You don’t want to find out in the middle of a deserted road that you got mesmerized by a Victorian cottage with no way to reach it. Or that you signed up for a chalet in the woods – only to be surrounded by trees and no chalet in sight.
4. How long am I looking to house swap?
Don’t be that person who makes the homeowners scramble.
Sketch out an itinerary so you have a better chance of aligning with home swappers who want to set out in the same window.
A typical exchange lasts between a few days and a few weeks, depending on how far you go, the season, and how much time you have on your hands.

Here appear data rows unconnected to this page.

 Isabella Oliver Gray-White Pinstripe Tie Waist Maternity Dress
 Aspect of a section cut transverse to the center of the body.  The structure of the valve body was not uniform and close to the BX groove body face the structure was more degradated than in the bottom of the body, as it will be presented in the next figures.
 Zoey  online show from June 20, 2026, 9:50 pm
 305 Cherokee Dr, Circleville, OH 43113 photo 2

If you’re keen on a long-term option, reach out to the owners to check their availability. With them on board, what’s stopping you from ticking off the fantasy of living in a different country for a year from your bucket list?
5. What is my budget?
Home exchange is a give-and-take, so no rental fees are involved. That doesn’t mean it’s free.
While many home exchange platforms offer free trials, you can access more of the good stuff through a membership. The fee averages at $105-$120 per year, though premium websites can hike it up to $240.

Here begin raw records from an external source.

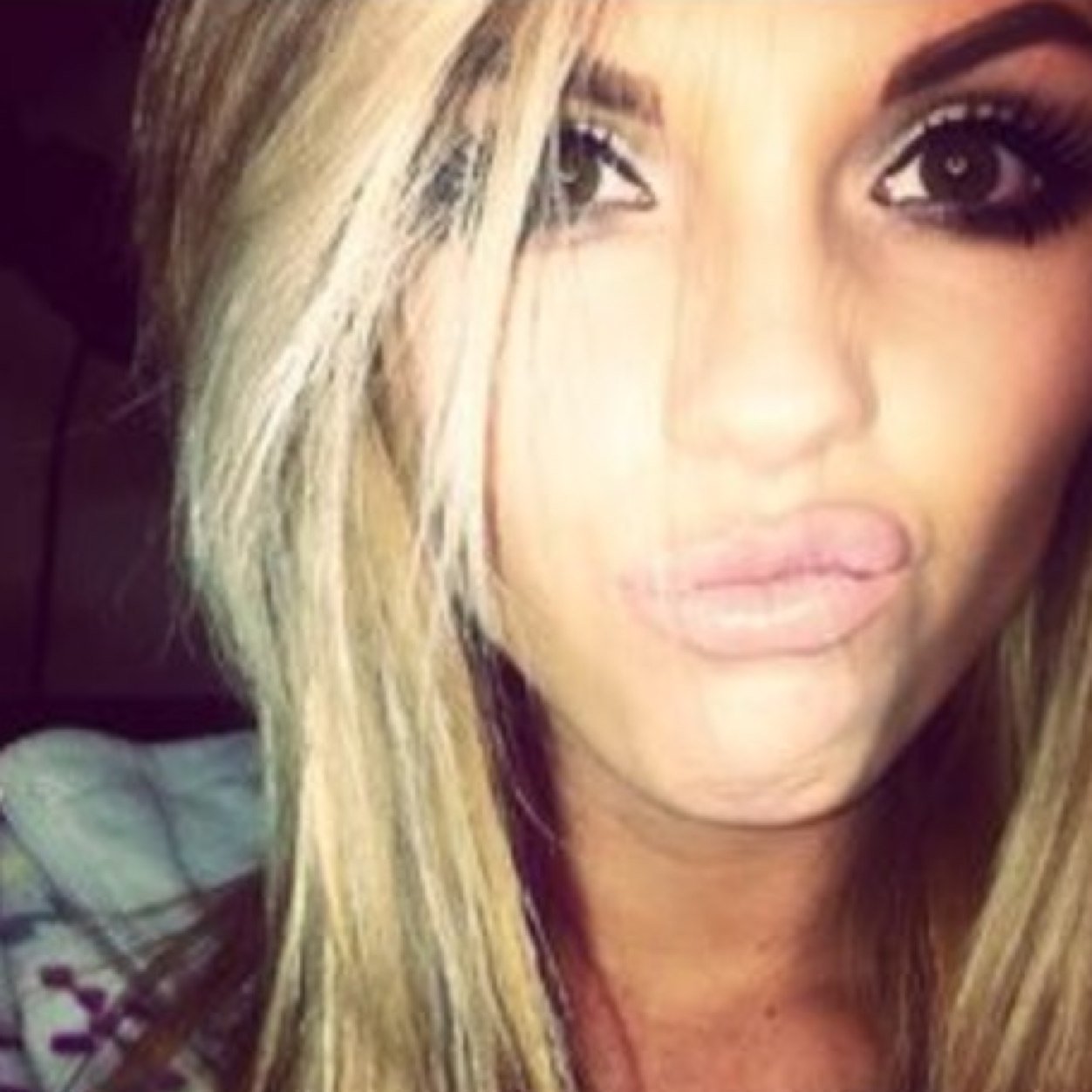 Im just the average 21 year old girl. Balancing school, work && a social life. Cross me && im the meanest thing walking. #fuckbitches #getmoney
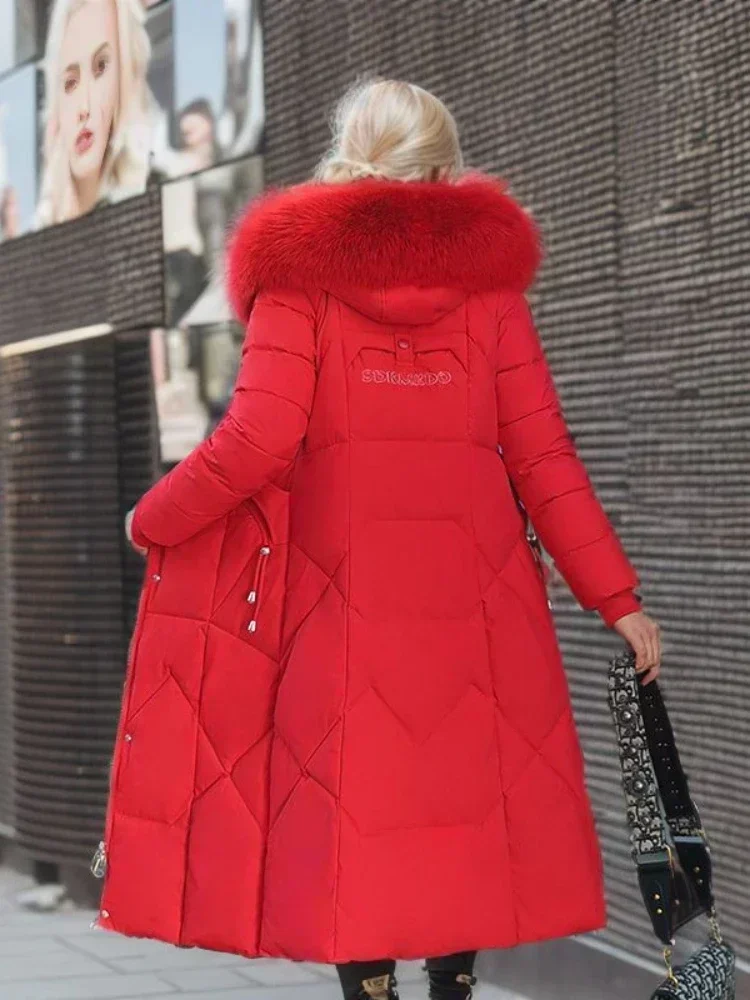 Parka de algodão grosso com gola de pele feminina, casaco de inverno de comprimento médio, casaco fino acima do joelho, roupas elegantes, vermelho,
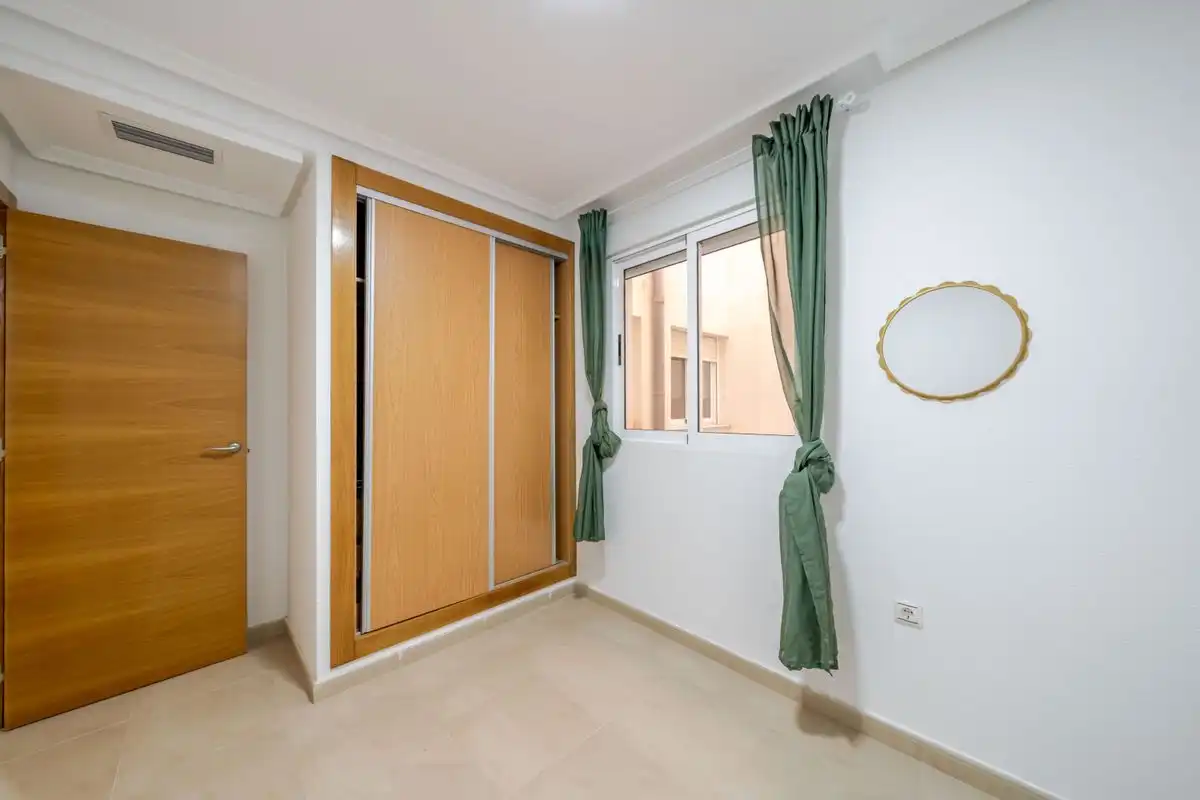 Flat with lift for sale in Calle Campoamor, imagen 18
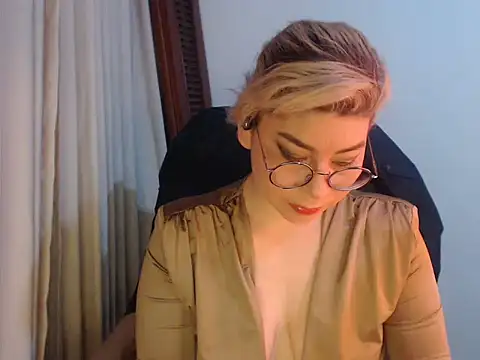 Snapshot of diane_fergusson chatting on 03/24/26, 07:13 diane fergusson online show from 03/24/26, 07:13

The good news is that the membership charge is the only deciding factor with regard to expenses. Most owners continue to pay their bills. What you shell out on food, transport, and miscellaneous items is entirely your discretion.
Answering the basics will help you zero down on how you envision your house swapping quest. From there, it’ll be easier to filter your choices via home exchange agencies and websites.
Whichever path you choose to go down, you’ll be playing the role of guest, host, or both. Know how you can best prep for and navigate each.
As a Guest
Prior to your stay:
- Begin your hunt for houses at least three to six months ahead; last-minute scrambling won’t bode well.
- Properties you’re eyeing could be in high demand. Flexibility can spare you from disappointment.
- Leverage insider info from acquaintances who have done house swaps before.
- Purchase travel insurance so you can have financial coverage against unexpected travel mishaps during your trip.
- Communication is key – Don’t leave any doubts hanging, discuss potential worst-case scenarios, and keep your host in the loop about your travel plans.
- Drift the idea of bartering vehicles along with houses. Why not make the swap more cost-effective, environmentally friendly, and convenient?
- Write down contacts for emergencies. Couple that with your own research on the location and facilities.
- Enquire whether the owners have pets and how to care for them.
- If you’re not meeting the owners when you arrive, remember to ask where they’ve stowed the key.
During your stay:
There’s only one rule here: Treat it like you’d want your home to be treated.
After your stay:
- Clean up after yourself, and leave everything the way you found it.
- Put out flowers or a bottle of wine on the kitchen counter. It’ll bring a smile to your host’s face when they return.
- Thank your hosts for their attentiveness while preparing the house.
- Keep in touch once you’ve left. If you fall in love with the place, wouldn’t it be fun to make house swapping an annual holiday tradition?
As a Host
- Be transparent about your abode and amenities so expectations are straight from the get-go.
- Highlight your home and area’s hidden gems. Not everyone’s looking for a swanky mansion.
- A picture speaks a thousand words. Populate your listing with photos that’ll sell themselves. Also, use them as proof against possible misuse and damages.
- Draft an agreement between yourself and the guest, to have the terms of the house swap in writing.
- Inform your home insurance provider (and car insurance provider, if switching) about the exchange. Fortify your insurance plan based on their recommendation. For ultimate peace of mind, choose an exchange platform that promises coverage.
- Ensure the house is sparkling clean before you bid it farewell (temporarily).
- When their arrival draws close, connect guests with your outgoing neighbors.
- Go the extra mile and provide local maps, takeout menus or restaurants numbers, a list of sightseeing activities and entertainment, etc.
By the end of this process, you’ll forget that the friends you tried house-sitting for were ever strangers. Or that you invited someone from across the ocean to live in your home.